● Instructions for the task: Below is a listing with pictures in it; transcribe exactly the lines from the one that has "TORRAS Q3Air for" through the one that has "Personalised Children’s Christmas", and omit those pictures.

● Exercise data:

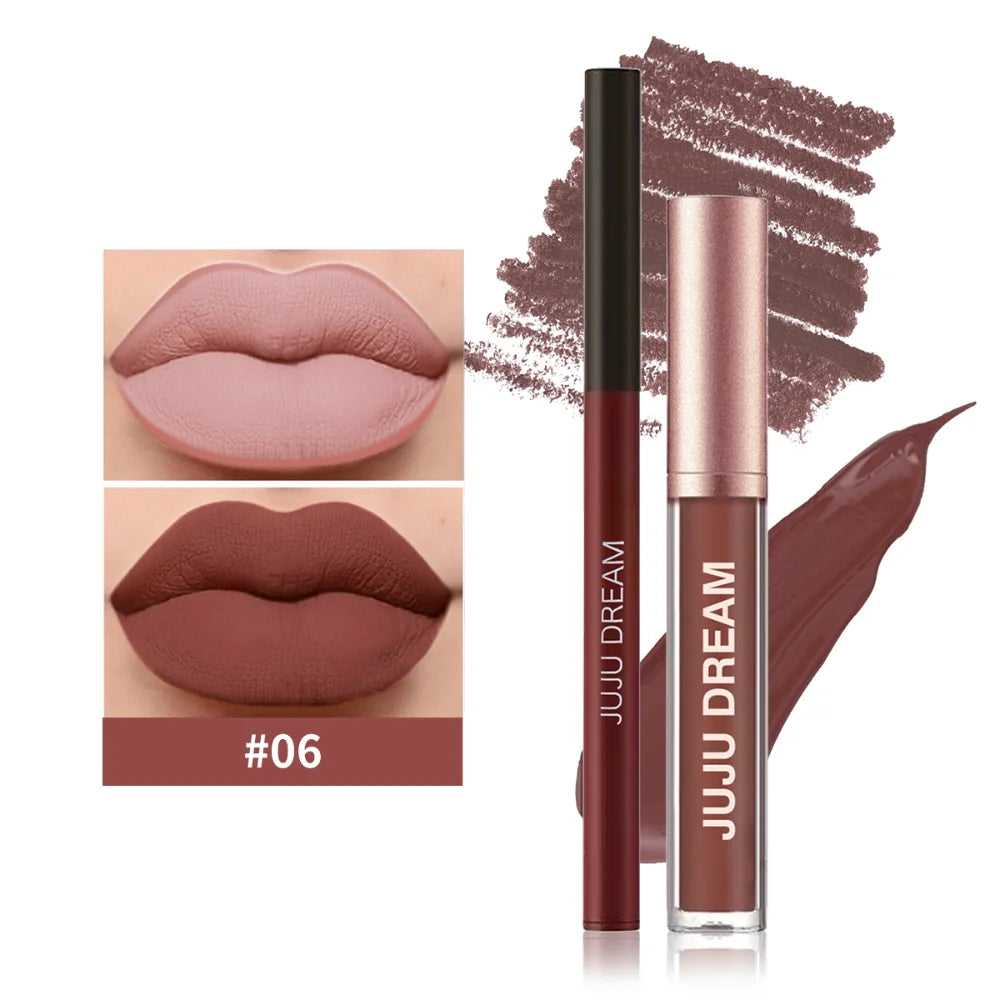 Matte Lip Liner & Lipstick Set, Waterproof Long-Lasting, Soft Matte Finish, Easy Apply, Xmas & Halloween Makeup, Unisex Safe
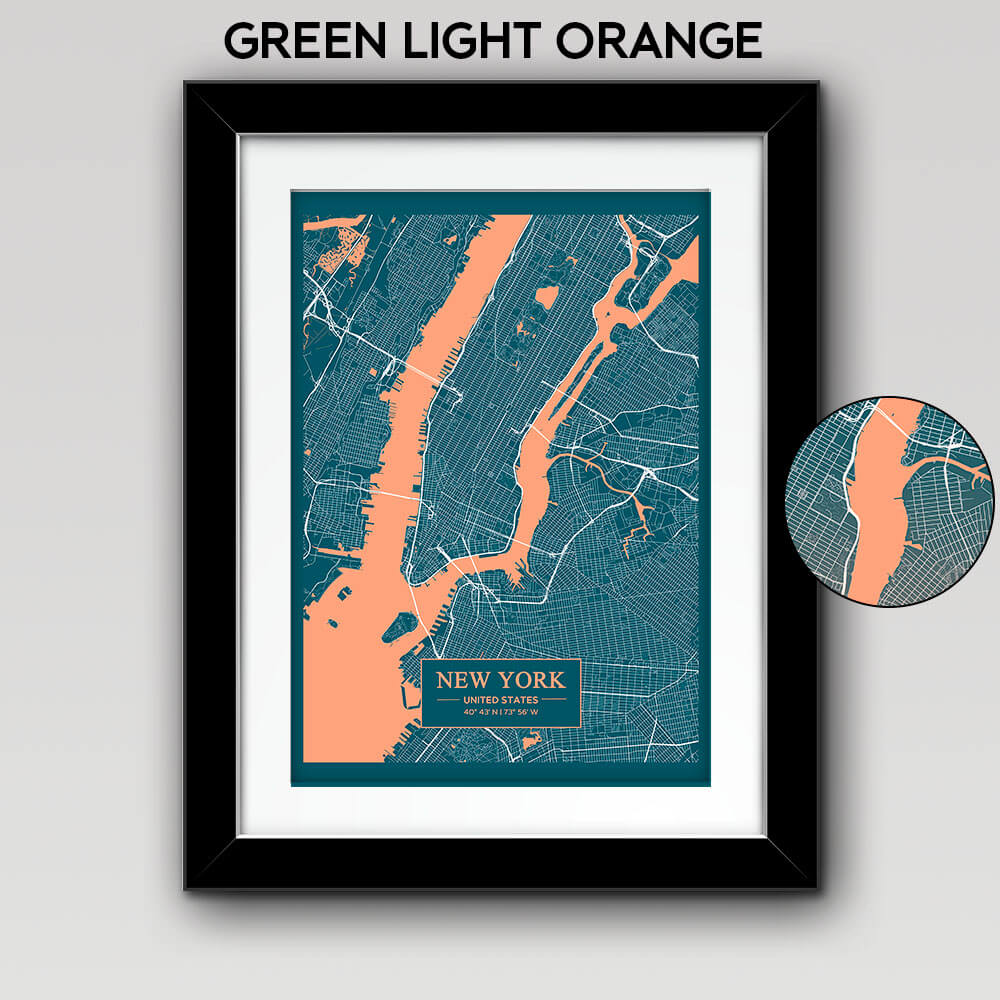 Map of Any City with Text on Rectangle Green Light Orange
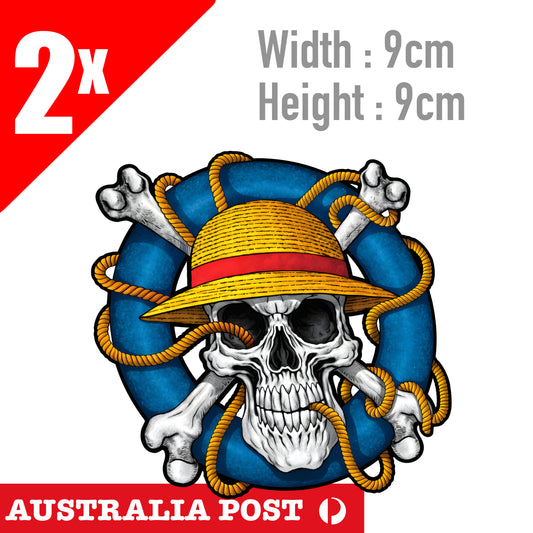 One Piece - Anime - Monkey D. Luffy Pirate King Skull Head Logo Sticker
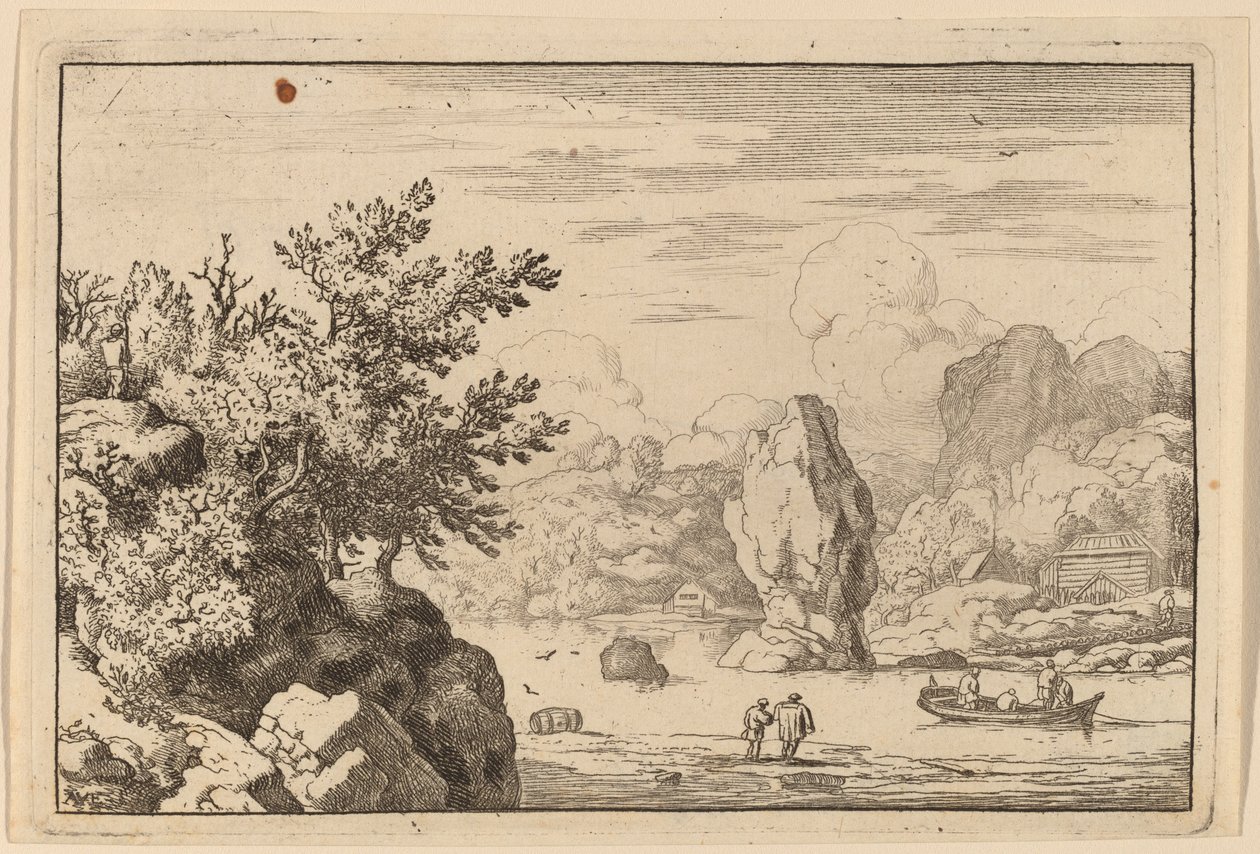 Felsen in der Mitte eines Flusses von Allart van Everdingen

---

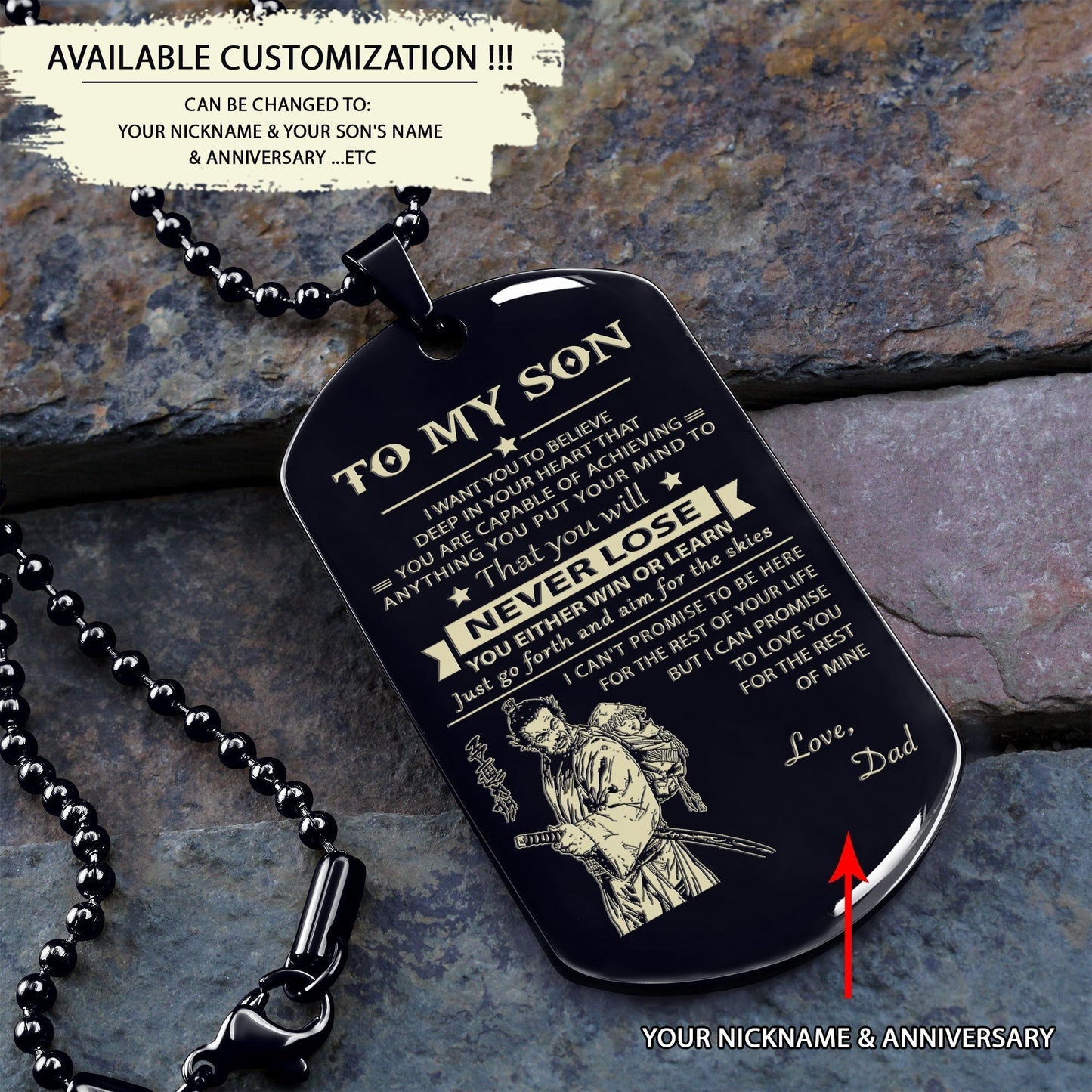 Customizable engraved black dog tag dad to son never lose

...

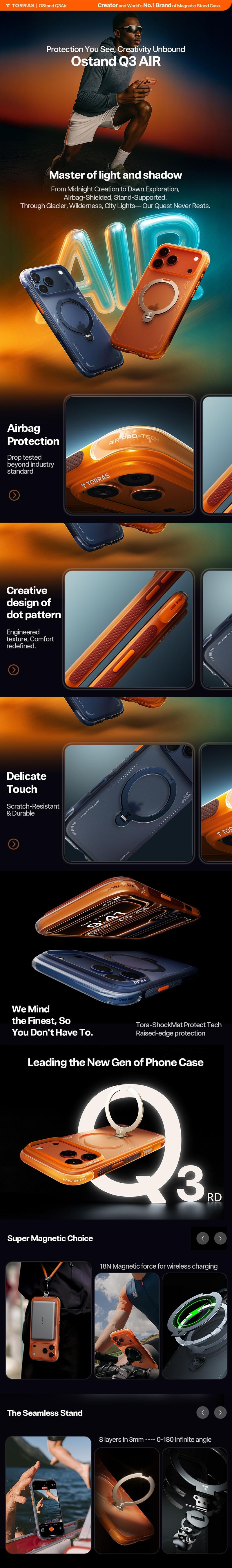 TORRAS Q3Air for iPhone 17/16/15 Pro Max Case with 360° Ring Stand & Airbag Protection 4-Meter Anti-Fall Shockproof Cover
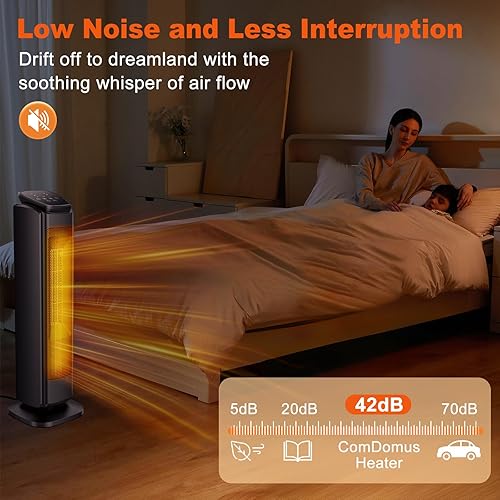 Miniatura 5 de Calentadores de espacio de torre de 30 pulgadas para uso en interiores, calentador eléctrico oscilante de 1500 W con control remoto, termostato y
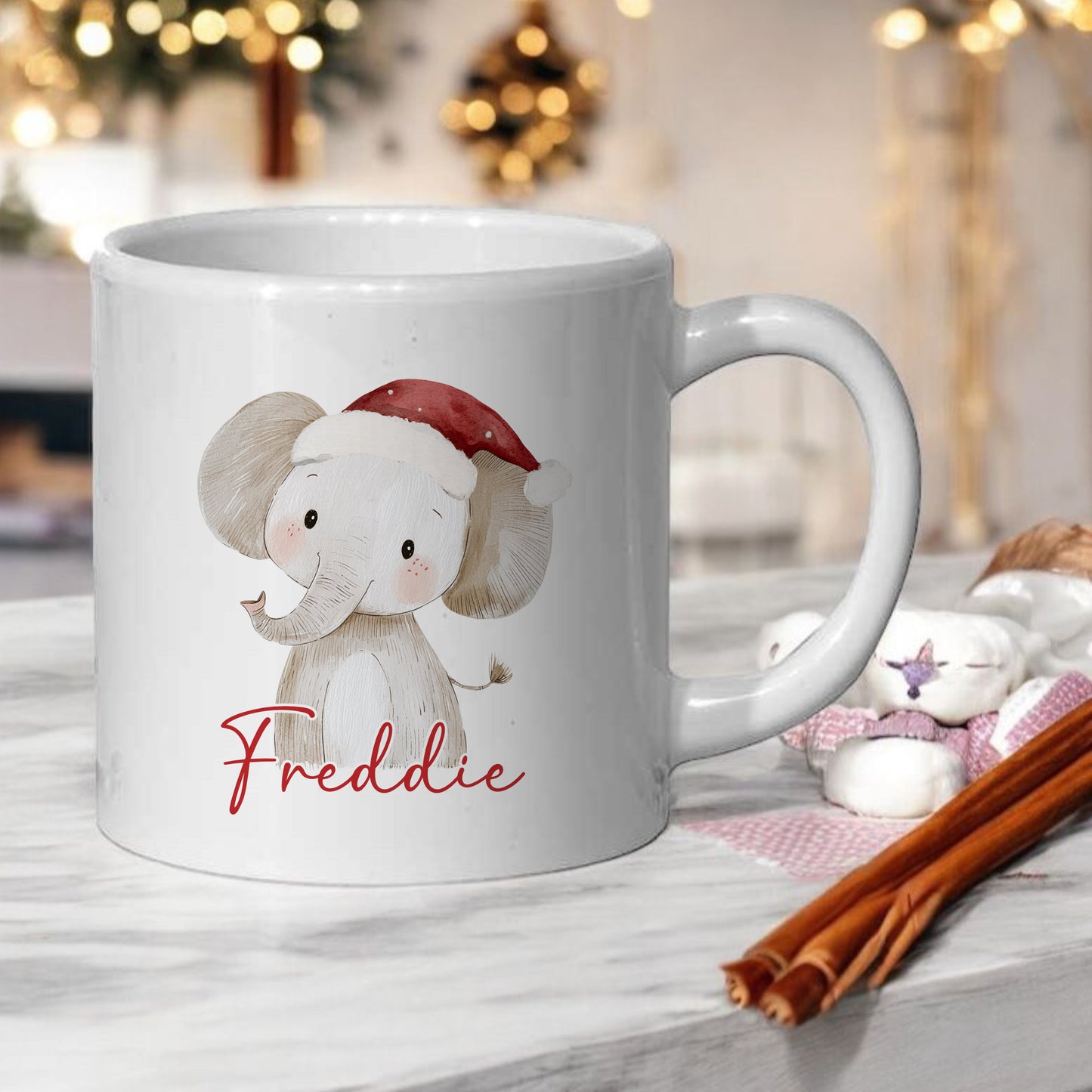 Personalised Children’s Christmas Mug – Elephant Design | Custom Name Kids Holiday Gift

● Exercise answer:
 TORRAS Q3Air for iPhone 17/16/15 Pro Max Case with 360° Ring Stand & Airbag Protection 4-Meter Anti-Fall Shockproof Cover
 Miniatura 5 de Calentadores de espacio de torre de 30 pulgadas para uso en interiores, calentador eléctrico oscilante de 1500 W con control remoto, termostato y
 Personalised Children’s Christmas Mug – Elephant Design | Custom Name Kids Holiday Gift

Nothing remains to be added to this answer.